● **What to do**
The entries are to be output word for word, with the pictures omitted.

[Caption-style text data]
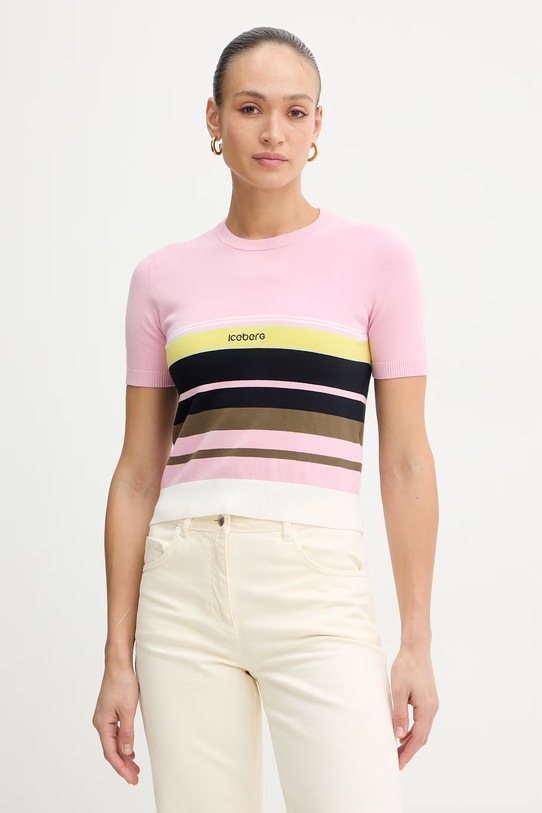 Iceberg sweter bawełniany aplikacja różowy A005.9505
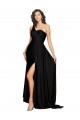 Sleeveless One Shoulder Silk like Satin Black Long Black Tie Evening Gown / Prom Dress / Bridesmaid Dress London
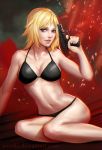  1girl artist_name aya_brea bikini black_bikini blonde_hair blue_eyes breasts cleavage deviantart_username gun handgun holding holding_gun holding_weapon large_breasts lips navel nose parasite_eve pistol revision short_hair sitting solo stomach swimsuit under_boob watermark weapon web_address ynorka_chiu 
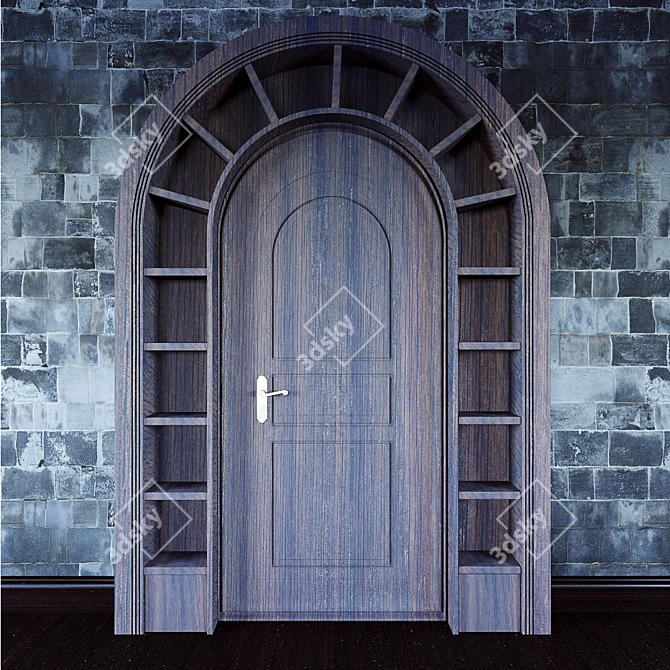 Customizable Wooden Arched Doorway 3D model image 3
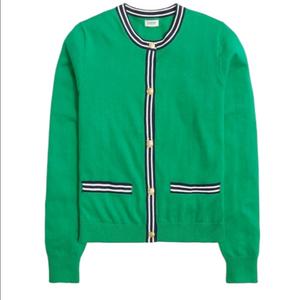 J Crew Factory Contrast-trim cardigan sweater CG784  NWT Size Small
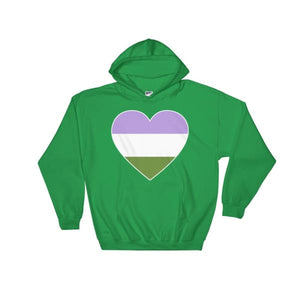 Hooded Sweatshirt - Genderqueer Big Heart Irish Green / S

● **Solution below**
 Iceberg sweter bawełniany aplikacja różowy A005.9505
 Sleeveless One Shoulder Silk like Satin Black Long Black Tie Evening Gown / Prom Dress / Bridesmaid Dress London
  1girl artist_name aya_brea bikini black_bikini blonde_hair blue_eyes breasts cleavage deviantart_username gun handgun holding holding_gun holding_weapon large_breasts lips navel nose parasite_eve pistol revision short_hair sitting solo stomach swimsuit under_boob watermark weapon web_address ynorka_chiu 
 Customizable Wooden Arched Doorway 3D model image 3
 J Crew Factory Contrast-trim cardigan sweater CG784  NWT Size Small
 Hooded Sweatshirt - Genderqueer Big Heart Irish Green / S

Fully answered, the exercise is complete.